Benchmarking#
The primary simulation entry point is benchmark.py. It loads a scene file,
constructs SAP runtime data, creates a collision pipeline, and steps
SolverSAP for a fixed duration.
Quick Run#
Run the default G1 USD scene. The scene file defaults to 1024 worlds, so the small smoke-test form overrides the world count and frame count:
uv run python benchmark.py --frames 2 --num-worlds 1
Run a specific YAML scene:
uv run python benchmark.py \
--scene assets/yaml/unitree_h1_usd.yaml \
--duration 1.0 \
--device cuda:0
Useful Runtime Flags#
--sceneYAML or JSON scene file. Defaults to
assets/yaml/unitree_g1_usd.yaml.--durationSimulated time in seconds. Ignored when
--framesis supplied.--framesExact number of solver steps. This is useful for smoke tests because it avoids reasoning about
ceil(duration / dt).--dtTimestep. Defaults to
simulation.dtin the scene file, then0.003.--num-worldsNumber of replicated worlds. Defaults to
simulation.num_worlds.--deviceWarp device string, for example
cpuorcuda:0.
Benchmark Output#
During the loop, benchmark.py prints:
frame 1 sim_time 0.003
frame 2 sim_time 0.006
The final summary contains:
sceneResolved scene path.
deviceWarp device used for allocation and kernels.

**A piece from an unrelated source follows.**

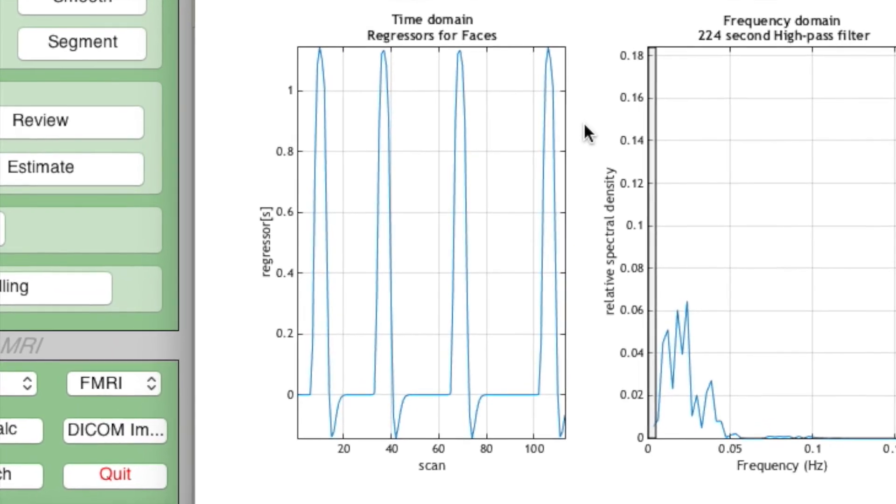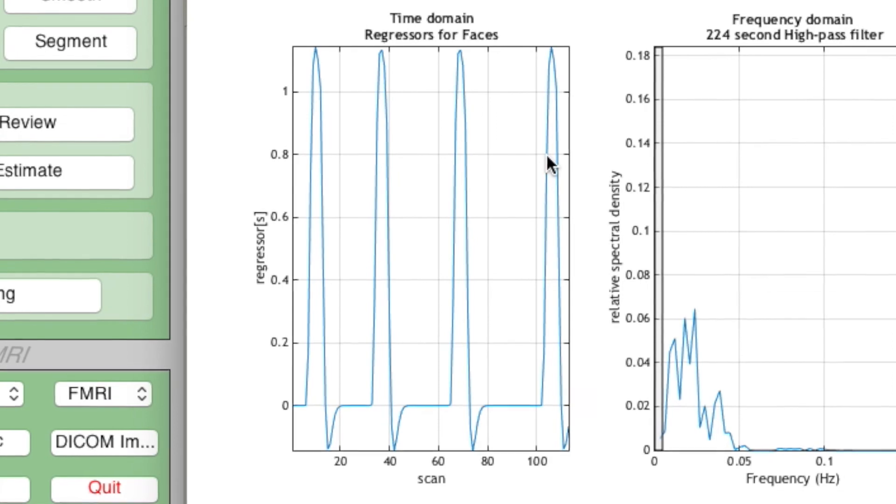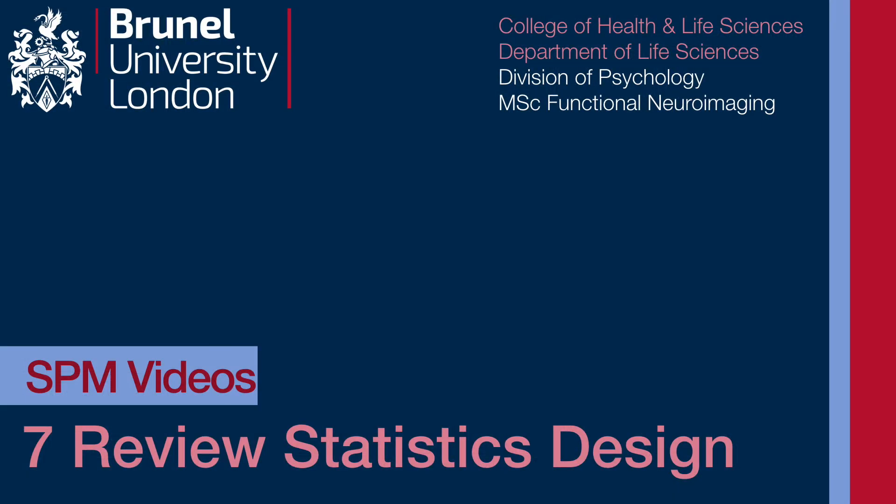Now you have thoroughly reviewed and checked your statistical design, you're ready to get SPM to apply it to your data. That's coming up next.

dtandframesEffective timestep and number of solver steps.
num_worldsNumber of independent replicated worlds after command-line overrides.
max_rigid_contact_per_envPer-world contact cap passed to
SolverSAP.rigid_contact_capacityFlat contact buffer capacity passed to
SapCollisionPipeline.cuda_graphWhether the benchmark captured and launched the native step as a CUDA graph.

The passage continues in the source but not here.